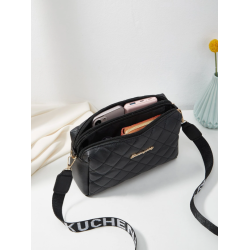 Geantă Crossbody de Umăr Neagră pentru Doamne, Poșetă Versatilă cu Cusături Negre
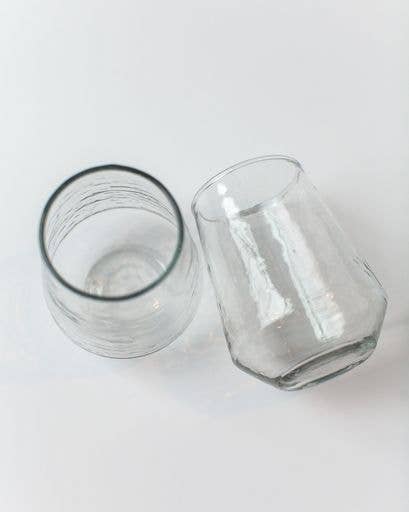 Acacia Creations - Handblown Hammered Glass Water Tumbler - Set | 2: Amber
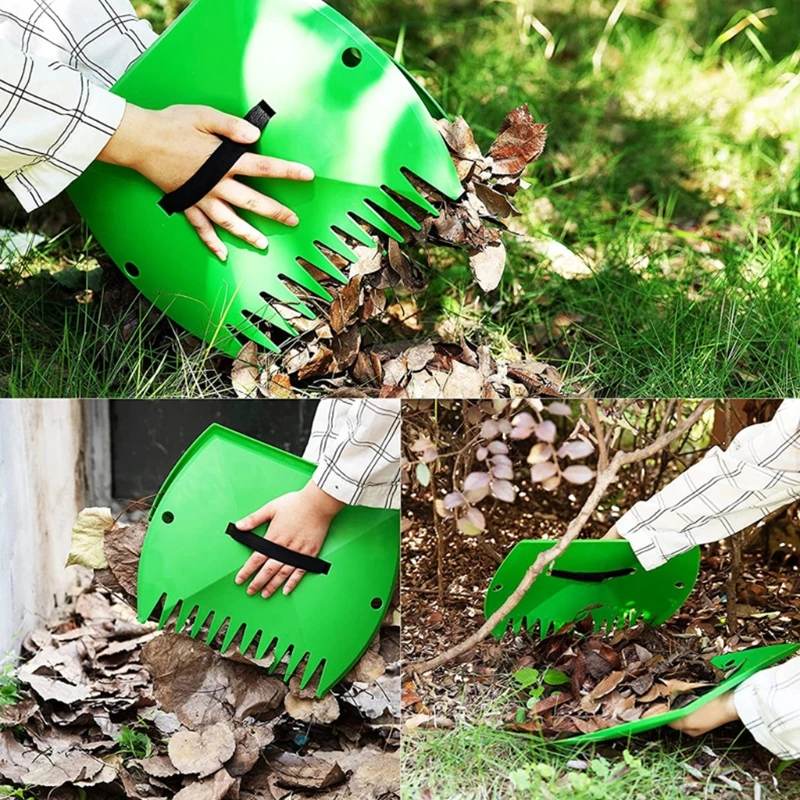 

2022 New 2Pcs Hand Rake Garden Tool Durable Ergonomic Leaf Scoops for Quickly Picking up Leaves for Lawns and Yard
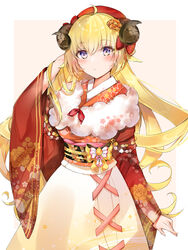  ahoge animal_ears blonde_hair blush bow closed_mouth cowboy_shot curled_horns female floral_print flower fluffy hair_flower hair_ornament hairbow hand_in_own_hair highres hololive horns japanese_clothes kimono long_hair looking_at_viewer obi official_alternate_costume official_alternate_hairstyle purple_eyes red_bow sash sheep_ears sheep_girl sheep_horns skirt solo tsunomaki_watame tsunomaki_watame_(new_year) very_long_hair virtual_youtuber wide_sleeves yukineko1018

What you need to do =>
Say again, word for word, the lines beginning at the top of the data and ending with the line that has "2022 New 2Pcs". Skip the pictures.

Solution to the problem =>
 Geantă Crossbody de Umăr Neagră pentru Doamne, Poșetă Versatilă cu Cusături Negre
 Acacia Creations - Handblown Hammered Glass Water Tumbler - Set | 2: Amber

2022 New 2Pcs Hand Rake Garden Tool Durable Ergonomic Leaf Scoops for Quickly Picking up Leaves for Lawns and Yard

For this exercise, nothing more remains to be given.